INFORMATION SUPPLIED section start

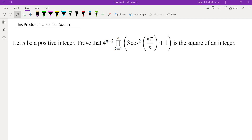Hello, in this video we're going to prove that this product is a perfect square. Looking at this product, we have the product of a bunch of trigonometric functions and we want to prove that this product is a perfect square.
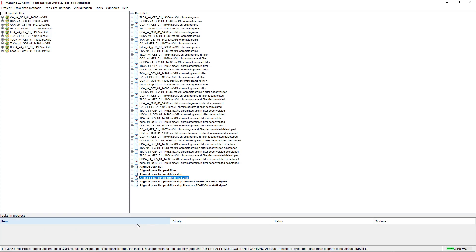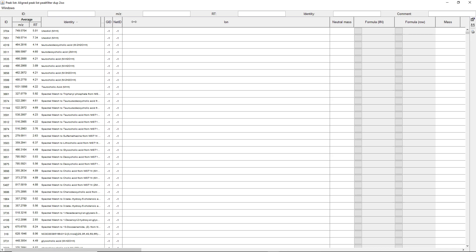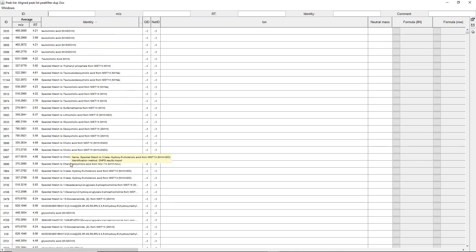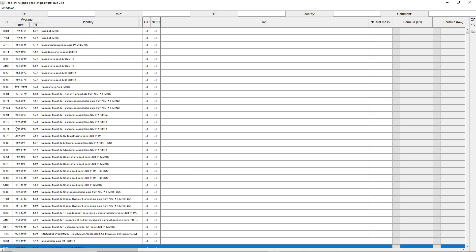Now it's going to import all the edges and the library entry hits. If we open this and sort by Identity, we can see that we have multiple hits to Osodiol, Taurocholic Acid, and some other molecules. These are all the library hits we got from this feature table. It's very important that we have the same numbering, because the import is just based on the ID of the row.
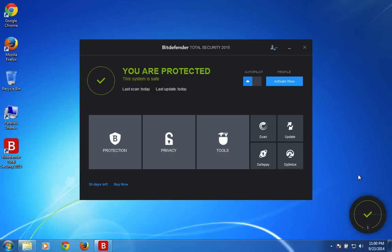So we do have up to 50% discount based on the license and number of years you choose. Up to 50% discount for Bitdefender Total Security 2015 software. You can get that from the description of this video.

INFORMATION SUPPLIED section end

> EXERCISE AIM: When repeating the listing, keep each line exact and exclude the pictures.

> EXERCISE SOLUTION:
Hello, in this video we're going to prove that this product is a perfect square. Looking at this product, we have the product of a bunch of trigonometric functions and we want to prove that this product is a perfect square.
Now it's going to import all the edges and the library entry hits. If we open this and sort by Identity, we can see that we have multiple hits to Osodiol, Taurocholic Acid, and some other molecules. These are all the library hits we got from this feature table. It's very important that we have the same numbering, because the import is just based on the ID of the row.
So we do have up to 50% discount based on the license and number of years you choose. Up to 50% discount for Bitdefender Total Security 2015 software. You can get that from the description of this video.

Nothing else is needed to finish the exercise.